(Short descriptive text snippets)
------------------------------------------------

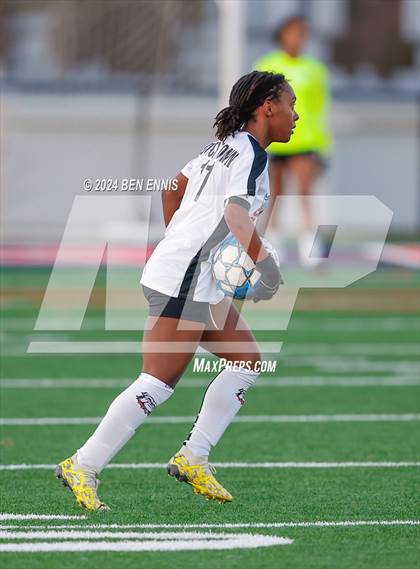 Thumbnail 2 in Dutchtown @ Lamar County photogallery.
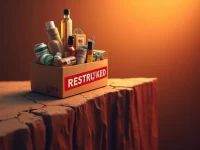 警惕亚马逊大举关仓旺季补货或受限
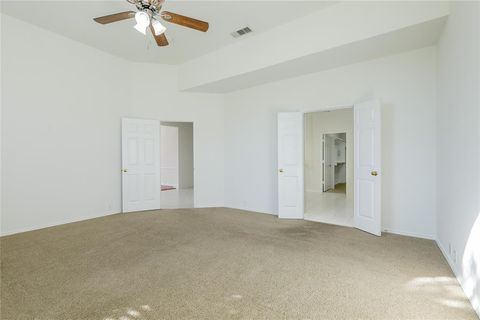 2337 Ravenhurst Drive Plano TX 75025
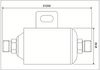 DRYER_596754_01.JPG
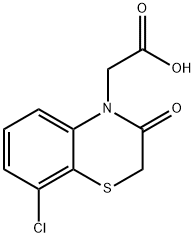 CasImg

------------------------------------------------

# [Instructions for the task]
Return verbatim every line from the line containing "2337 Ravenhurst Drive Plano TX 75025" to the last line of the entries above, inclusive, and leave out the pictures.

# [Task result]
 2337 Ravenhurst Drive Plano TX 75025
 DRYER_596754_01.JPG
 CasImg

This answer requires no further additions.